Open torognes opened 8 years ago

torognes commented 8 years ago

Should be simple to add. Together with the other issues that suggests other usearch 7 commands to be implemented, this will make the set of usearch 7 commands for nucleotide sequences complete, as far as I can see. Except for the cluster_otus command.

kunstner commented 8 years ago

Do you have any plans to implement the cluster_otus command as well? This is the only command I still use from the usearch pipeline. All other commands are already replaced by vsearch.

torognes commented 8 years ago

Thanks for the suggestion. We do not have any plans to implement cluster_otus. I'll look into it and see how much it will take.

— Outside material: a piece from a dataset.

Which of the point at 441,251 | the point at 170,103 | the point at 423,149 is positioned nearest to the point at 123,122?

colinbrislawn commented 8 years ago

:+1:

Of course specifics are scarce. My understanding was that it performs like --cluster_smallmem except that when a read does not match to an existing centroid, it is passed through --uparse_ref before it is allowed to become a new centroid. The --uparse_ref algorithm attempts to explain how a new read could derive from existing reads in a database, in a way that sounds a lot like --uchime_denovo. Implementing @frederic-mahe's uchime suggestions as an internal step of OTU picking could yield a solid parity of --cluster_otus. https://github.com/torognes/vsearch/issues/118#issuecomment-193178967

http://www.drive5.com/usearch/manual/uparseotu_algo.html http://www.drive5.com/usearch/manual/cmd_cluster_otus.html http://www.drive5.com/usearch/manual/uparseref_algo.html

@kunstner, if I may ask, why choose uparse over another clustering algorithm? What qualities would you hope for in a vsearch implementation?

kunstner commented 8 years ago

@colinbrislawn: I use it for microbiome data. Actually, I have a quite smoothly running pipeline using vsearch/usearch for preprocessing and mothur for classification and Otu binning. Unfortunately, running time is quite long using this approach and it is very demanding with respect to either RAM or disk space. I was looking for an alternative approach and came across the cluster_otus command. The results look quite similar to the results I obtained by mothur (which isn't the case if I use the other cluster commands implemented in usearch or vsearch). My second aim is to use a pipeline completely based on open source software which scales nicely with huge data sets. Mothur is not a good option in this case if I have to test different parameters.

colinbrislawn commented 8 years ago

Hi @kunstner, Thanks for telling me a little more about your pipeline. I've used the uparse pipeline right when it came out, but like you I value open-source science and so I switched to vsearch in 2015. VSEARCH definitely scales well and swarm scales even better, although its definition of OTU is a little esoteric and has not yet garnered the popularity it deserves.

I have not used mothur for clustering. Does it mitigate OTU inflation really well like uparse does? Colin

kunstner commented 8 years ago

Hi @colinbrislawn,

my personal experience is that mothur usually mitigates OTU inflation well. But I have some data sets (with lots of samples sequenced) with quite a lot of very rare OTUs which I did not get using uparse. But for most of the data I don't see this problem. Unfortunately, mothur has another problem. For larger data sets (MiSeq data, >400 samples), it is difficult to obtain the representative sequence for each OTU if a distance based method is applied.

Axel

frederic-mahe commented 5 years ago

For future reference, usearch_global stands for fast database search, and search_global stands for slow database search (no heuristics, can detect arbitrary low pairwise identities).